How a podcast proved life-changing
Stevie: Absolutely. I will say, starting my podcast and it’s something that I recommend to people constantly, you know, have really valuable content. But I think you were actually the catalyst for me starting my podcast as well, but I’ve got about 50 episodes, so I’m nowhere near 650, James.
James: Yeah, but I’ve been chipping away at it since the middle of 2009, for perspective.
Stevie: Yeah. But it’s the best thing I’ve ever done for my business. Like, it’s built an audience. It’s allowed me to change my business model, to go from service to actually selling a course. And if I didn’t have that audience there, over the year and a half that I’ve been doing it, there’s no way that I would have been able to sell my first course the way that I have. It’s so valuable even though it’s not one of those things where it’s a sales funnel with a direct ROI. I can definitely do all of that stuff, but I just think building a brand through something like a podcast, honestly, it’s been life-changing for me.

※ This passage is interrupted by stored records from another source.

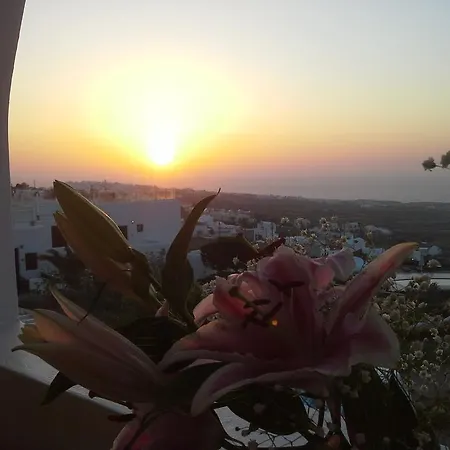 Kiklamino Sunset 3* Oia (Santorini)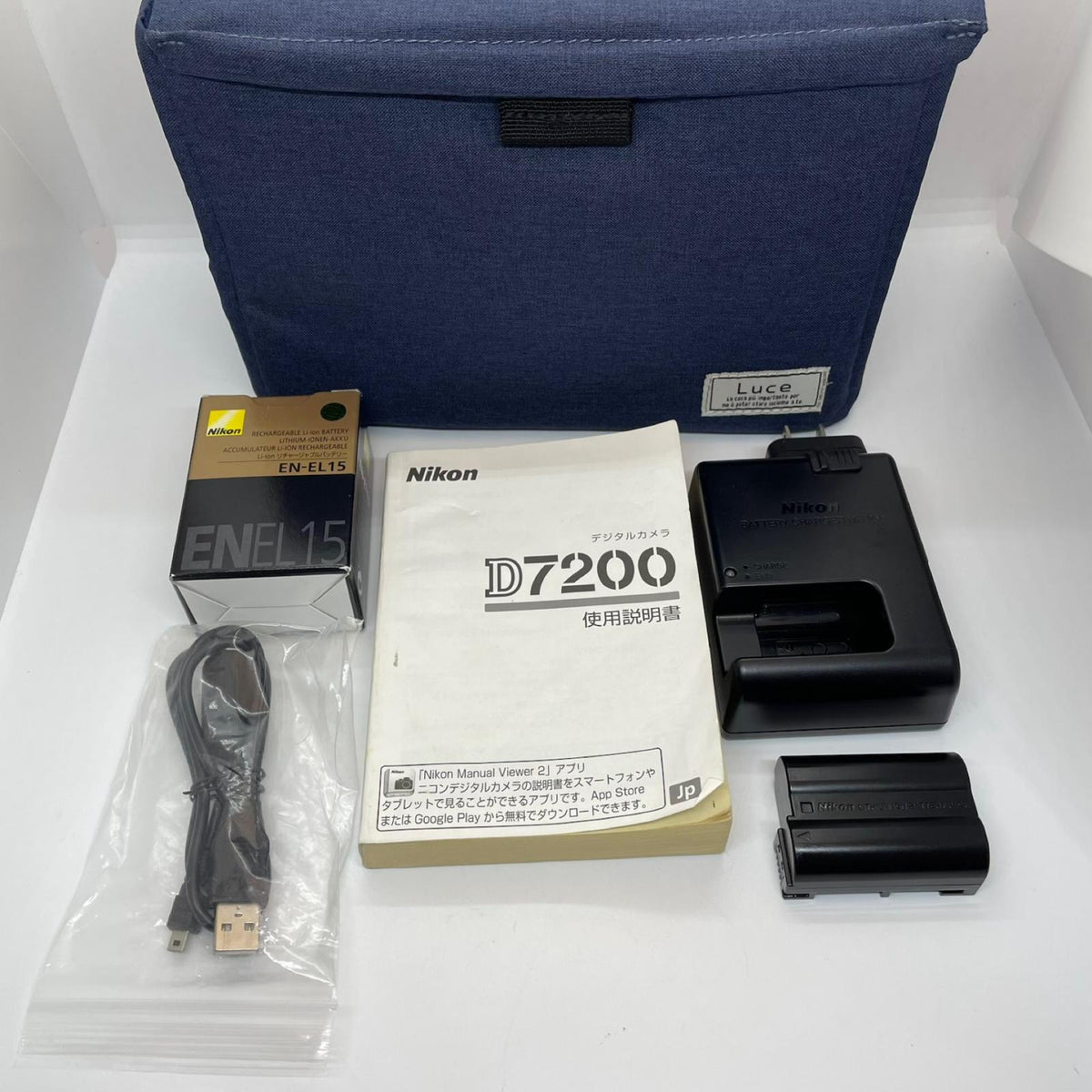 【全額返金保証】【最速発送】Nikon デジタル一眼 D7200 ボディ ブラック 美品 動作確認済
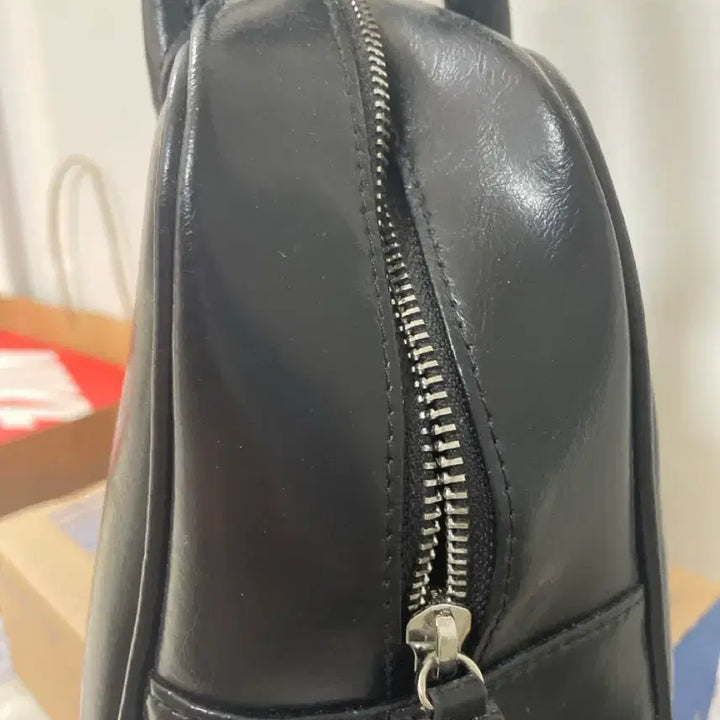 [SOLD OUT] 르아보네 미라쥬백 블랙 가죽 숄더백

James: Definitely for me, it’s my prime thing and I’ve had different podcasts. The one with Tim, Freedom Ocean, was the first proper podcast we set up, and then I retro podcast the audio episodes that I’d already collected. That’s how I’ve extended the timeline on how long I’ve been podcasting. I like to think that I inspire people to podcast because I’m really not that good at it, but I do it anyway.
It’s not just a traffic thing. It’s also a conversion thing, because someone listens to you for half an hour or an hour, they’ve got a pretty good idea of what you’re all about. And we can hear in the tonality, we can judge someone over a long period of time. I mean, I do have a body of work now that will consistently prove what I’m about over and over again. And as I said before, the case studies alone, if you just listened to only the case studies of people who have been inside SuperFastBusiness membership or SilverCircle and got results, you would have enough proof to feel like it was a low risk choice to try it out. You know, that’s really how it works for me.
Stevie: Yeah. I feel like it’s kind of a situation where people used to interview you, or they would pick up the phone and see whether you’re the right person, and this definitely happened for me with the service-based stuff with my podcast. I was competing on price to begin with, and so people were coming to me and price-shopping, and there’s so many social media people that will work for peanuts. And starting the podcast, what it meant for me is people could see that I knew what I was talking about, they could see whether I am somebody that they liked as a person and they wanted to work with. And so I was moving from having these phone conversations that went for a really long time talking about whether I could discount, to literally people saying Okay, I want to work with you. What’s the cost? And it was no issue.
James: Nice. I mean that’s the sort of conversation I have at the top end where it’s often, they’re familiar with me, they know some of my customers, and it’s not a question of, it’s not even price. Some people don’t even know the price when we’re chatting, and it’s not important because they just want to do that work.
Other work beside the course
I am curious – do you still do consulting and service-based stuff as well as the course?
Stevie: So, I stopped doing consulting as of December. I still do some higher-level stuff, a little bit of it, but it’s pretty much just the course now and workshops and training programs. So it’s a complete change in business model, and I honestly credit the podcast, number one, and the content that I produced for that. But then, obviously, having the course itself.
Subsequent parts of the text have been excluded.